Most leave administration providers fall into one of three models: The Big Generalist, The Tech-First Platform, and The High-Touch Expert. Knowing which model you're working with — and which one fits the complexity of your workforce — is the key difference between a program that runs smoothly and one that quietly creates risk.

Across the seven problems on this page, we break down how each model handles the realities HR teams face every day – shifting state laws, sensitive employee situations, mental health leaves, defensible reporting, and the cost of being locked into the wrong partner. Start here for the framework.

Model 1
The Big Generalist
  • High-volume, low-touch
  • Standardized processes across thousands of clients
  • Often bundled with insurance carriers
  • Efficient for simple, single-state programs — but thin on strategic support
Model 2
The Tech-First Platform
  • AI-driven, self-service portals, strong UI
  • Appeals to HR teams who want automation and dashboards
  • Human support is often minimal by design — and that's where things break down for complex or sensitive cases
Model 3
The High-Touch Expert
  • Human expertise backed by technology
  • Dedicated administrators
  • Proactive compliance guidance
  • Strategic partnership that grows with your program
  • Built for the real complexity HR teams face every day
How to use this guide
Use the menu on the left to navigate between the seven problems. Each one highlights how the three models approach the problem differently – and what those differences can reveal about your own partner.
Problem 01

Compliance clarity in a moving landscape

State laws shift. Federal guidance evolves. Employees work across multiple jurisdictions. Staying compliant takes time — and legal fluency most internal teams just don't have.
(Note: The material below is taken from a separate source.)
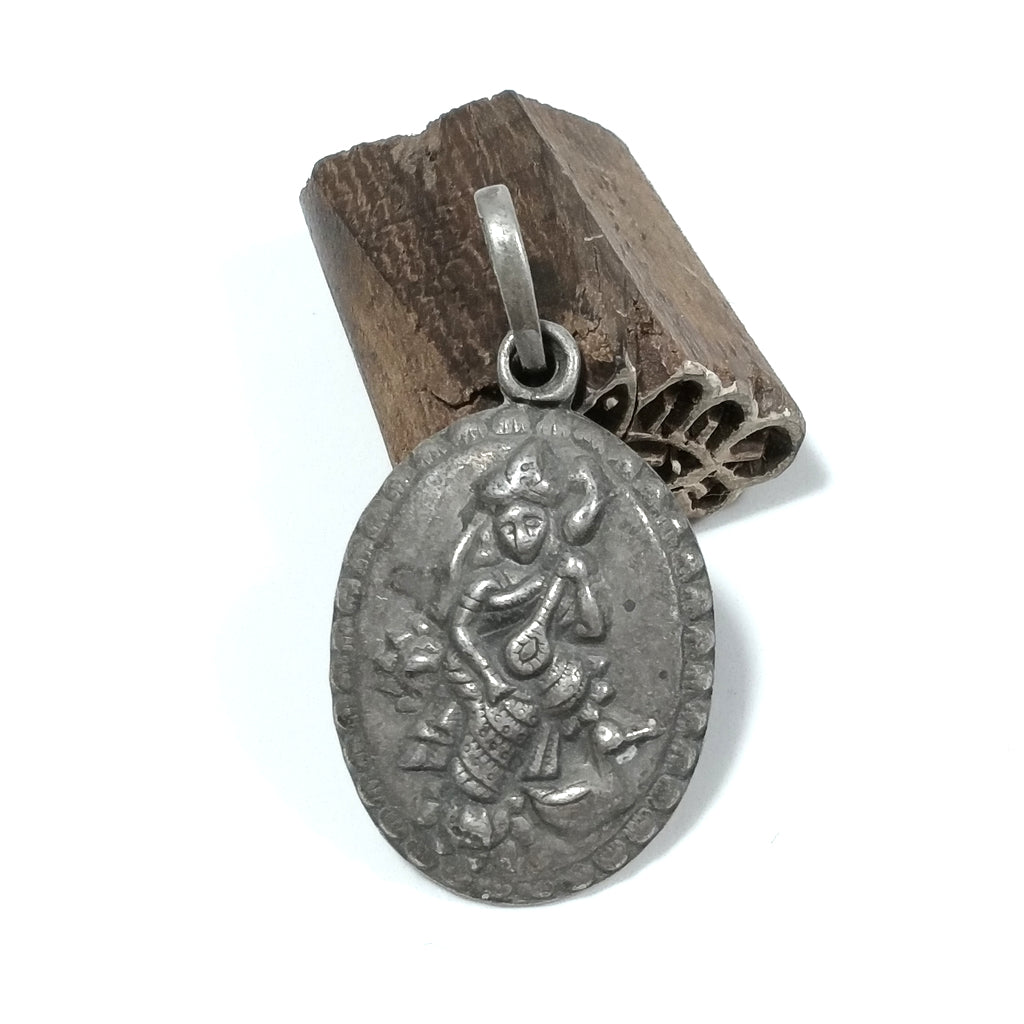 Ciondolo ETNICO in argento antico con SARASWATI | GIOIELLI ETNICI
The number of state-level leave laws has grown significantly year over year. In 2026, HR teams managing workforces across multiple states aren't just tracking FMLA — they're navigating paid family leave programs, qualifying reason expansions, intermittent leave clarifications, and new documentation requirements that vary by location. Miss one, and you're exposed.

Model 1
The Big Generalist
  • Regulatory updates shared passively through portal notifications or quarterly newsletters
  • Standardized frameworks applied broadly — nuance gets missed
  • Support is reactive, not proactive
Model 2
The Tech-First Platform
  • Automated policy rules baked into the system — great until a law changes and the system doesn't keep up
  • Alerts exist, but interpreting them is still on you
  • Limited access to a live compliance expert when you need one fast
Model 3
The High-Touch Expert
  • Legal and compliance specialists monitor changes across all U.S. jurisdictions
  • Proactive briefings on what's changing and what it means for your specific workforce
  • On-demand guidance, not just alerts
The signal to watch for

"If your partner isn't surfacing policy changes before you ask — and telling you what to do about them — they're a processor, not a partner."

Problem 02

Supporting employees without overloading HR

Leave requests happen during some of the happiest or most difficult moments in an employee's life. The experience matters — and so does who's handling it.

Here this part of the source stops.